Der angefochtene Bescheid wird wegen Rechtswidrigkeit seines Inhaltes aufgehoben.

Der Bund hat dem Beschwerdeführer Aufwendungen in der Höhe von 1.286,40 EUR binnen zwei Wochen bei sonstiger Exekution zu ersetzen.

Begründung

Im Beschwerdefall ist die Anerkennung von Adoptionskosten als außergewöhnliche Belastung nach § 34 EStG 1988 strittig. Im Rahmen eines gemäß § 150 BAO erstellten Berichtes über das Ergebnis einer Außenprüfung bei dem als Rechtsanwalt tätigen Beschwerdeführer stellte sich der Prüfer auf den Standpunkt, dass Adoptionskosten generell nicht als außergewöhnliche Belastung gemäß § 34 Abs. 1 EStG 1988 abziehbar seien.

Mit dem angefochtenen Bescheid gab die belangte Behörde der Berufung des Beschwerdeführers gegen den Einkommensteuerbescheid 2003 keine Folge, in dem - nach Wiederaufnahme des Verfahrens nach § 303 Abs. 4 BAO - unter Hinweis auf die Feststellungen des Prüfers die Adoptionskosten nicht als außergewöhnliche Belastung anerkannt worden waren.

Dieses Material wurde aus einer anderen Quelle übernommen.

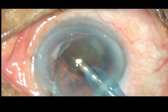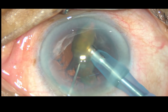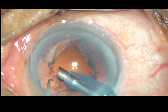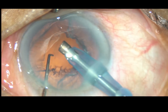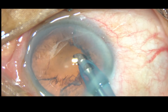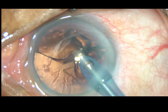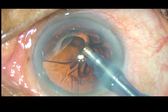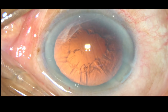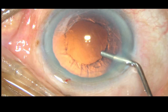Ultrasonic power used is only 40%. This is the last nuclear fragment — it is emulsified and removed. In this case, I can see there is thick epinucleus, and the thickest part is towards 7 o'clock. So I turn the tip towards 7 o'clock. At this time, no ultrasonic power must be applied — just by vacuum, hold the epinucleus, bring it to the center of the anterior chamber at the iris plane and emulsify. At no time should the tip come anteriorly. Emulsification should be done at the anterior capsular plane and not come anteriorly beyond the iris plane.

Im Erwägungsteil des angefochtenen Bescheides vertrat die belangte Behörde im Wesentlichen den Standpunkt, die vom Beschwerdeführer in der Berufung dargestellte gesellschaftliche Entwicklung (sukzessives Ansteigen der älteren Gesellschaftsmitglieder und ständiges Absinken der Geburtenrate) könne zwar "im allgemeinen problematisch erscheinen", eine sittliche Verpflichtung zur Zeugung oder Adoption von Kindern, der man sich auf Grund dieser Entwicklung nicht "entziehen" könne, sei daraus jedoch nicht ableitbar. Auch sei davon auszugehen, dass der Beweggrund zur Adoption von Kindern primär im Eigeninteresse der Adoptiveltern liege. Weiters sei nicht erkennbar, dass bei Kinderlosigkeit eine allgemeine (zwangsläufige) sittliche Verpflichtung bestehen würde, Kinder zu adoptieren. Im Erkenntnis vom 3. November 2005, 2002/15/0124, habe es der Verwaltungsgerichtshof zwar nicht ausgeschlossen, die Kosten einer In-Vitro-Fertilisation als außergewöhnliche Belastung geltend zu machen, die allfällige Berücksichtigung als außergewöhnliche Belastung allerdings auch von weiteren Faktoren (z.B. keine freiwillig herbeigeführte Fortpflanzungsunfähigkeit, homologe bzw. heterologe Befruchtung) abhängig gemacht.

Der Verfassungsgerichtshof hat die Behandlung der gegen diesen Bescheid erhobenen Beschwerde mit Beschluss vom 29. November 2007, B 1557/07, abgelehnt und die Beschwerde dem Verwaltungsgerichtshof zur Entscheidung abgetreten.

Der Verwaltungsgerichtshof hat nach Aktenvorlage und Erstattung einer Gegenschrift durch die belangte Behörde erwogen:

Im Beschwerdefall hat die belangte Behörde die Anerkennung der in Rede stehenden Adoptionskosten als außergewöhnliche Belastung im Sinne des § 34 EStG 1988 deshalb verneint, weil die für eine steuerliche Geltendmachung als außergewöhnliche Belastung erforderliche Zwangsläufigkeit im Sinne des § 34 Abs. 3 EStG 1988 nicht vorliege. Nach dieser Bestimmung erwächst dem Steuerpflichten die Belastung zwangsläufig, wenn er sich ihr aus tatsächlichen, rechtlichen oder sittlichen Gründen nicht entziehen kann.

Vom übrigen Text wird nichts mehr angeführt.